A fascinating snapshot of the U.S. housing market emerged yesterday with the release of government and industry figures for April. Sales of new houses were way up, while sales of existing houses were down. New mortgage applications were up, while refinancing has just about disappeared from the landscape.

Sales of new houses jumped in April to just shy of a record high, to a seasonally adjusted annual rate of 978,000 houses, an unexpected upturn of 9.2 percent over March, Commerce Department figures showed.

The numbers showed the April increase came after four months of decline. Analysts had expected new-house sales to continue to sag in April mostly because of an upward creep in interest rates. Some now speculate that many people took the plunge out of fear rates would go even higher.

Nationally, mortgage rates reached 7.23 percent for the past two weeks, the highest rate in 18 months. Federal Reserve policymakers have signaled they might raise rates at the end of June.

That prospect "has created an urgency for some people," said Zvi Barzilay, chief executive officer of Toll Bros. Inc., a luxury home builder active in the Washington region. "We have seen the increase in traffic and the increase in sales."

Sharon and Joe Mule bought a new four-bedroom Toll Bros. house in Clarksville, Md., just last month, spurred to buy by the possibility the rates could rise. "We managed to get a good rate just before [rates] started going up," said Sharon Mule.
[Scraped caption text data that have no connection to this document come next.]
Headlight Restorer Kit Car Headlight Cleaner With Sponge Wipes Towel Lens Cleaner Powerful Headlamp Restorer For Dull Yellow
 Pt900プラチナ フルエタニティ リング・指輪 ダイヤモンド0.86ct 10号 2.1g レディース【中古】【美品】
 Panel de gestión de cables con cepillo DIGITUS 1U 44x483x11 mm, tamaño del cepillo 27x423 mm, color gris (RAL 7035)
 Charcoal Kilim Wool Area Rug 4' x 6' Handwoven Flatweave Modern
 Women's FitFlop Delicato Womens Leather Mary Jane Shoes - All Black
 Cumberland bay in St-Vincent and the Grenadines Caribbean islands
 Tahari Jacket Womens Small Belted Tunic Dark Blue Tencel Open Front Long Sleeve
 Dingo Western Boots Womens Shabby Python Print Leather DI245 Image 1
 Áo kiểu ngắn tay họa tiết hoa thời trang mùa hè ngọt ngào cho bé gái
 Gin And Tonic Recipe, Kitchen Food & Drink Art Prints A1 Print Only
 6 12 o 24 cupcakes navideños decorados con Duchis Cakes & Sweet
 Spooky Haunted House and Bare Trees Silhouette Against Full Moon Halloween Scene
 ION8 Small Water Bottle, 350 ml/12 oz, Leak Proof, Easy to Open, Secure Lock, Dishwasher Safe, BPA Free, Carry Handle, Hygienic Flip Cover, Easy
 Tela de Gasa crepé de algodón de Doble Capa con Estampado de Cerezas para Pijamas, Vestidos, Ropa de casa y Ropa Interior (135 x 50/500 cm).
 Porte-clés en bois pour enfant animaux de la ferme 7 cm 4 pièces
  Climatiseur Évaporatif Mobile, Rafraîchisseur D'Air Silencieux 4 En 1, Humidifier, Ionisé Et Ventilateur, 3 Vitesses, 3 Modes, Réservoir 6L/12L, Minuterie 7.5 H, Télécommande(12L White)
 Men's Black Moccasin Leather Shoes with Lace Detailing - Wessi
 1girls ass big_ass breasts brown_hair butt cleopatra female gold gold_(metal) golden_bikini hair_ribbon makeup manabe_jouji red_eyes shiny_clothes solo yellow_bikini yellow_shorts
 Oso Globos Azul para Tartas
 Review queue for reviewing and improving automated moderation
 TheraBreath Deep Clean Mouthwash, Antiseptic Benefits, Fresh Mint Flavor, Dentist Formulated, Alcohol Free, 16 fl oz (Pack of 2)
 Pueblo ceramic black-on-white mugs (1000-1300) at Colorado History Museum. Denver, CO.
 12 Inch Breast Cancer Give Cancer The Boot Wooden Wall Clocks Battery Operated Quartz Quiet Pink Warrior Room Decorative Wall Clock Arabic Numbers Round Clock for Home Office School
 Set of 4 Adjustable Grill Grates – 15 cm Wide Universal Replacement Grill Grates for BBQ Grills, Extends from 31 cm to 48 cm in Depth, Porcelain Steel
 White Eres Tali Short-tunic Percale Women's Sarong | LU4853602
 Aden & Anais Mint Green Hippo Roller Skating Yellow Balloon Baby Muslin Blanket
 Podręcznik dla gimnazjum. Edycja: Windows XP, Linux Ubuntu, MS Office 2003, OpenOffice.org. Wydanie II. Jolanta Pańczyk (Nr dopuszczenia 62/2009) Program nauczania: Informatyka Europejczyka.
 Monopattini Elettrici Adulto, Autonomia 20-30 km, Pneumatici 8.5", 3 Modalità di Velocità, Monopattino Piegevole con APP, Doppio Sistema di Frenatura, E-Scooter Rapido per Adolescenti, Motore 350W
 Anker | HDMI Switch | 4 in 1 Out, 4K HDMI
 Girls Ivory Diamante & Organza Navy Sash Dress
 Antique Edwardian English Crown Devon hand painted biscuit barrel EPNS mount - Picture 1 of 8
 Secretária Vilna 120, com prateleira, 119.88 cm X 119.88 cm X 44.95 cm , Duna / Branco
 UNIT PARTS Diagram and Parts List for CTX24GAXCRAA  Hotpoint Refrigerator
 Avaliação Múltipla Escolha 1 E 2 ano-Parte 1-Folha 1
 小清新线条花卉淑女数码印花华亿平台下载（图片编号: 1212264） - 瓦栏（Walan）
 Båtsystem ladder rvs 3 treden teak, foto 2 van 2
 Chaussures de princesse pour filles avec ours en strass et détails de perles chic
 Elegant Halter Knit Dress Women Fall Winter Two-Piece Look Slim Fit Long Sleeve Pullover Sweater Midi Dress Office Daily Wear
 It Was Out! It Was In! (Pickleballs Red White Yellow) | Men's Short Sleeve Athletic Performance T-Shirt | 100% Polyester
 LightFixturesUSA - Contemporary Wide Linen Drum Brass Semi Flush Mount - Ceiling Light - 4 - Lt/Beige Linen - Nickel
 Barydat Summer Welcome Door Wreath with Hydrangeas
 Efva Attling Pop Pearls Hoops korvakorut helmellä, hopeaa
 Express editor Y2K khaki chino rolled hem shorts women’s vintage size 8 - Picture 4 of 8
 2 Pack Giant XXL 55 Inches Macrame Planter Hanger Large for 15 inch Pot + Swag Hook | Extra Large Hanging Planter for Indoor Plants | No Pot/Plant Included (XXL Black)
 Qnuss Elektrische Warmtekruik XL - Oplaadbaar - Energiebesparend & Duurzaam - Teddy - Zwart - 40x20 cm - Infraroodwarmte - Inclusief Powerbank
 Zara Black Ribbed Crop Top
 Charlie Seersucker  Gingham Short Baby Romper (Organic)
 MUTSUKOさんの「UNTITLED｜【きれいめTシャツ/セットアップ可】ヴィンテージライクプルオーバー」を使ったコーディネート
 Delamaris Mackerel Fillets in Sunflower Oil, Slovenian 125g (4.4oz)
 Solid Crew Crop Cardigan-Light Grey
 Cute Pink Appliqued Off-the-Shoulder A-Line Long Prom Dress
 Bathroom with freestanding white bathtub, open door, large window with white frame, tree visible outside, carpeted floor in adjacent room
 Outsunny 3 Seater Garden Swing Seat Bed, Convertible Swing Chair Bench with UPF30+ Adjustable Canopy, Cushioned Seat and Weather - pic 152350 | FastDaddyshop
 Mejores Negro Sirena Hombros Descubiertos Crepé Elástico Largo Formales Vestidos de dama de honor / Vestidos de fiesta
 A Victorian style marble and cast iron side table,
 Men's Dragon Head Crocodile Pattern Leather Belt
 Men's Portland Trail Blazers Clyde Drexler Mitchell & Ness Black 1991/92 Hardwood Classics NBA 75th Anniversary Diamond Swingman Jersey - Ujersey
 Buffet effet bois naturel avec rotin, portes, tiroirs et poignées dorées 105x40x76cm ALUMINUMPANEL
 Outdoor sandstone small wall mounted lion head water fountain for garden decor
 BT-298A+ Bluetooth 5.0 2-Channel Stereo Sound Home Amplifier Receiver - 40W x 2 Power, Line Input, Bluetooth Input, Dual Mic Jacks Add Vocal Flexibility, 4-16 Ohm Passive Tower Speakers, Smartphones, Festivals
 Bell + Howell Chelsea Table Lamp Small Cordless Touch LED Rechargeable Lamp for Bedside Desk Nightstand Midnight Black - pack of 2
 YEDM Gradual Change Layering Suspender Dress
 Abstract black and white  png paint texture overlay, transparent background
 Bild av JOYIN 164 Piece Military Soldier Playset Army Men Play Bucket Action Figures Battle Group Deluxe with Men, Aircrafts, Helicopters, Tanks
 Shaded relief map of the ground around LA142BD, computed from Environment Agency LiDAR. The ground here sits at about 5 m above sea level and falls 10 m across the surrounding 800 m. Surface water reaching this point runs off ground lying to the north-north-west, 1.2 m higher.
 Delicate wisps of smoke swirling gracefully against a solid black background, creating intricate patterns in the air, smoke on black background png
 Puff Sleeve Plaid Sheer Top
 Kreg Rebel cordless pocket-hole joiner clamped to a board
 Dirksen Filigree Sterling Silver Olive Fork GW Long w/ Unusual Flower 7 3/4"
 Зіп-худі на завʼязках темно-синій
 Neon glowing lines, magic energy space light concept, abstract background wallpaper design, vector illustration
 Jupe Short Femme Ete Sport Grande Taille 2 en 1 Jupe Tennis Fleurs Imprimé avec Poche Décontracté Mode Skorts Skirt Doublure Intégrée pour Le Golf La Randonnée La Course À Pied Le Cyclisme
The rise in sales of new homes also led to a rise in prices. The median price of all new houses sold last month climbed 3 percent to a record $159,500.

Existing-home sales declined in April by 3.3 percent from March's record high. Some analysts ascribed the decline to a lack of existing houses for sale; others saw a market that was cooling down.

Applications for new mortgages were stronger in April than any time this year, the Mortgage Bankers Association reported yesterday. And mortgage refinancings were half what they were in January, association economist Brian Carey said.

Locally, "the refinancing market is lower than it's ever been for us," said Carrie Staples, a mortgage broker at Sigma Financial Services. "Everyone who wanted to refinance has."